### What is expected:
Reproduce only this stretch of the listing below: from the line with "168 Saddlebrook Circle" through the line with "Billede 2 - MF", exactly as written, with pictures excluded.

### Provided data:
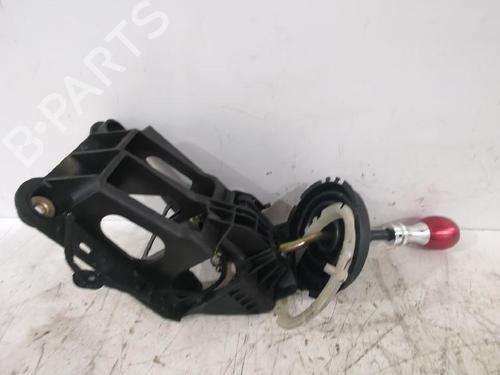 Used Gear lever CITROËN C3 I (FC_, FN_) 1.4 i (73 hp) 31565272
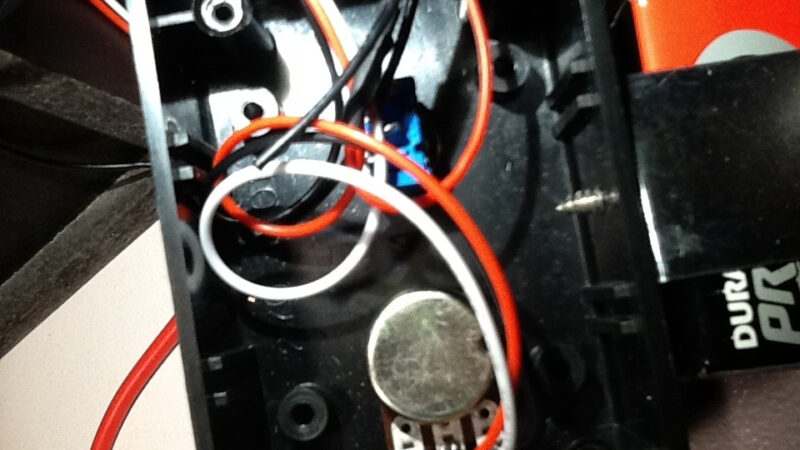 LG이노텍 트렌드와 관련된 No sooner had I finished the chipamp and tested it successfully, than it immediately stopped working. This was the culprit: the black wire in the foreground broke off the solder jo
...
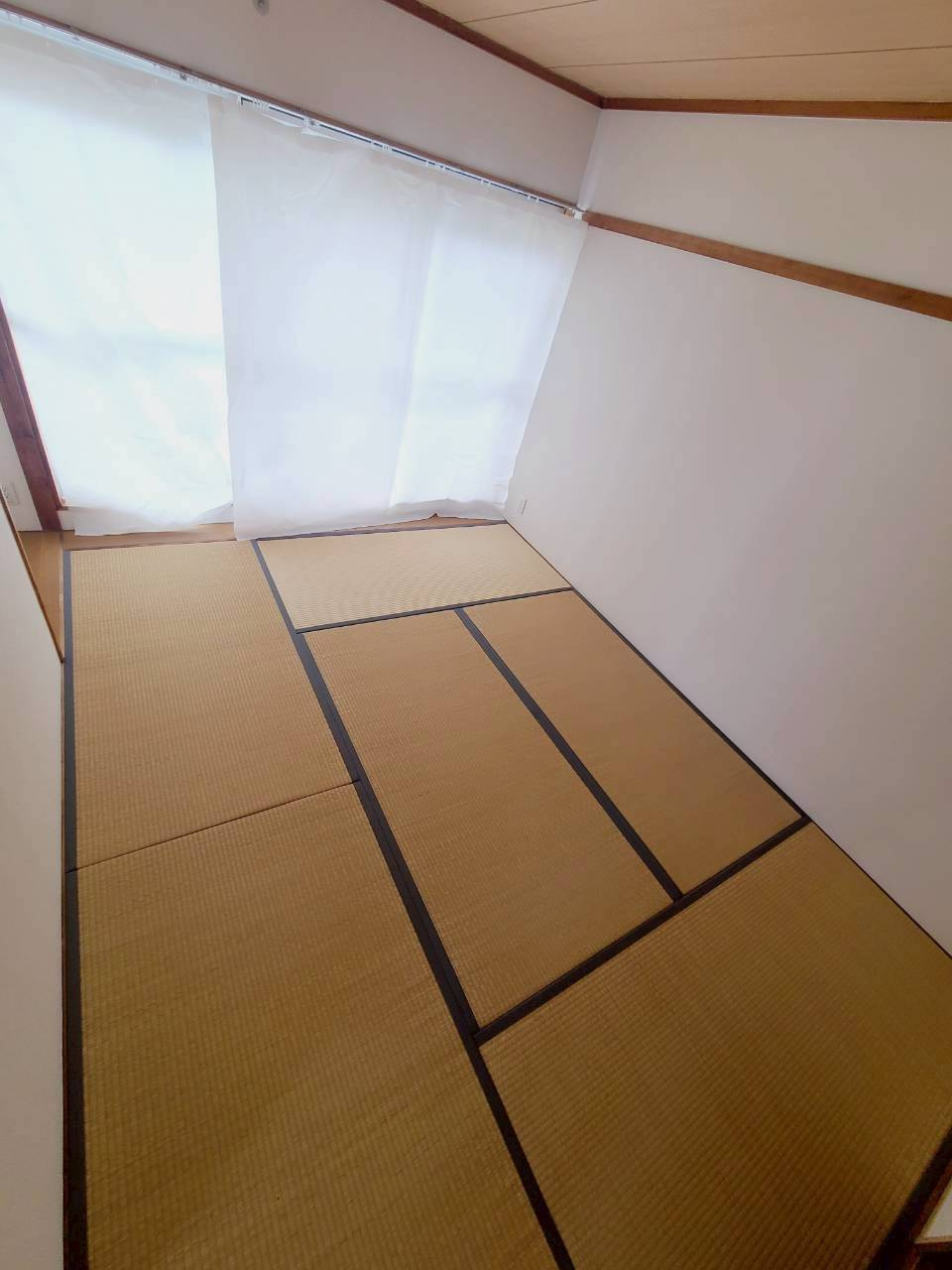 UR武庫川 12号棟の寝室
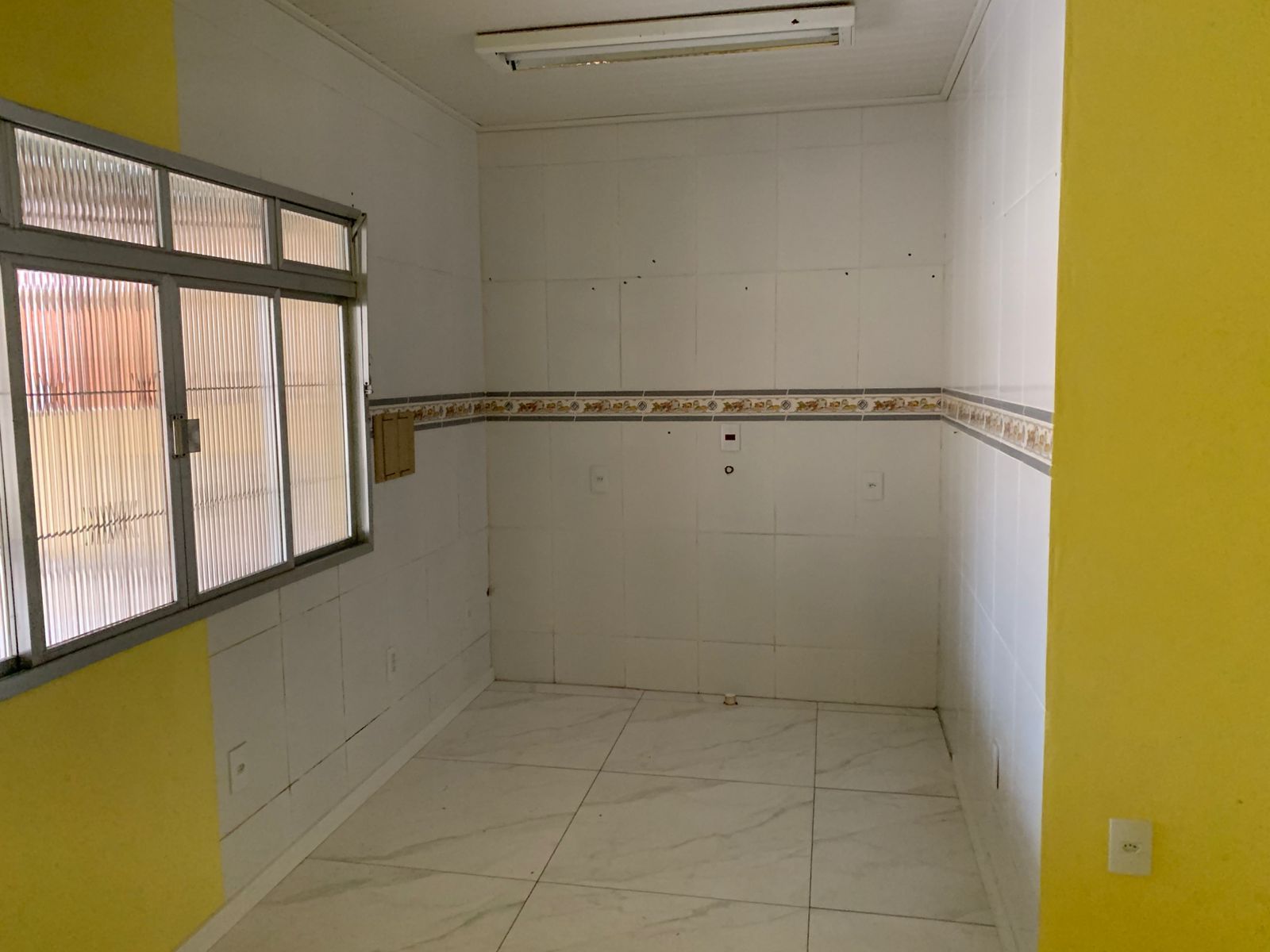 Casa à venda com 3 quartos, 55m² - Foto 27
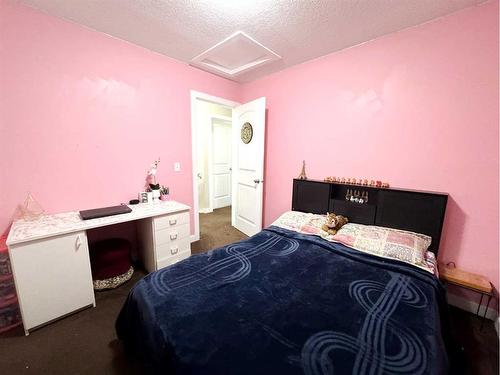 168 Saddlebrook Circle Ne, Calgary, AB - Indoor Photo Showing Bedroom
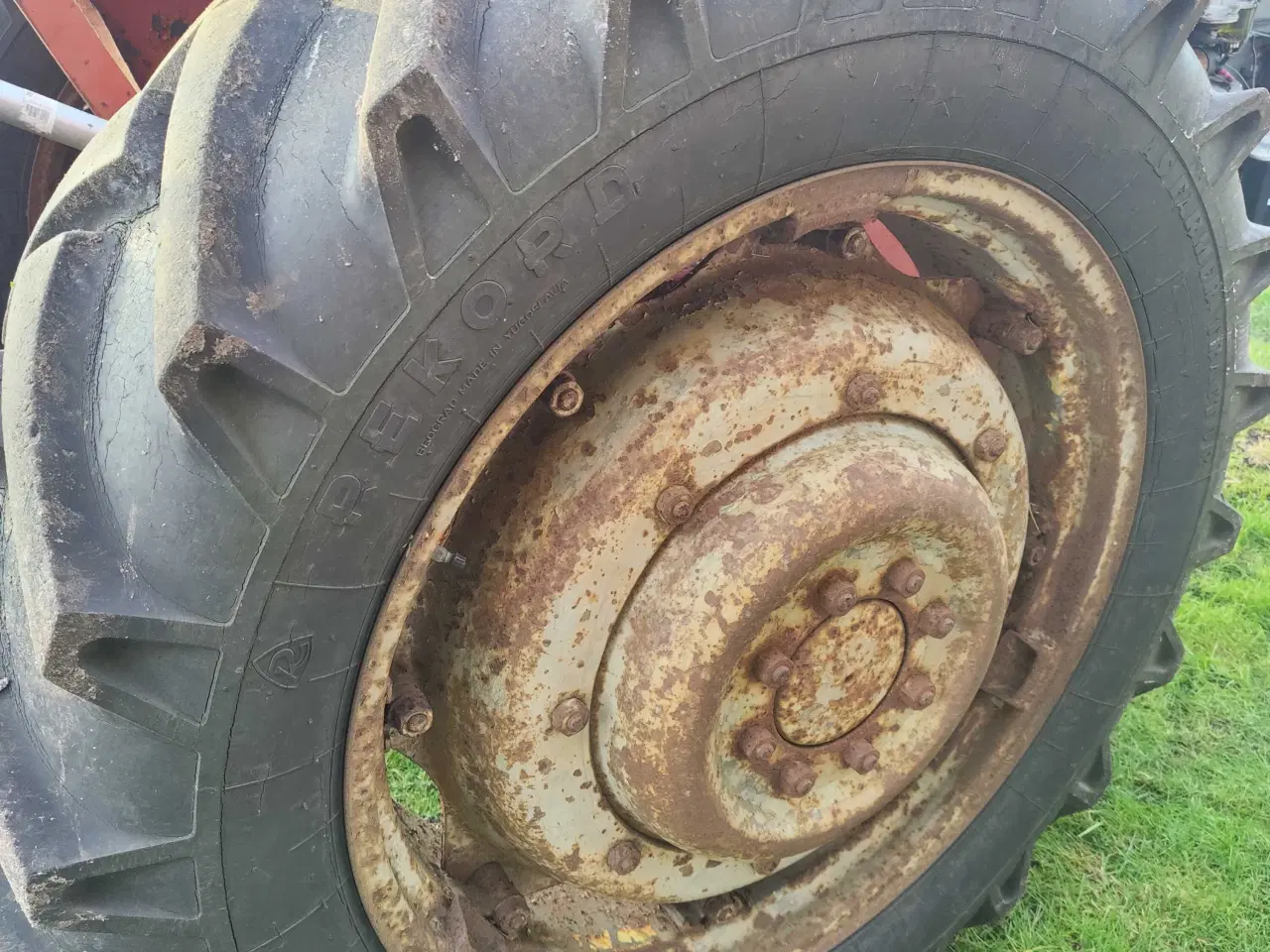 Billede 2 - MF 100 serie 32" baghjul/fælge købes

### Written reply:
 168 Saddlebrook Circle Ne, Calgary, AB - Indoor Photo Showing Bedroom
 Billede 2 - MF 100 serie 32" baghjul/fælge købes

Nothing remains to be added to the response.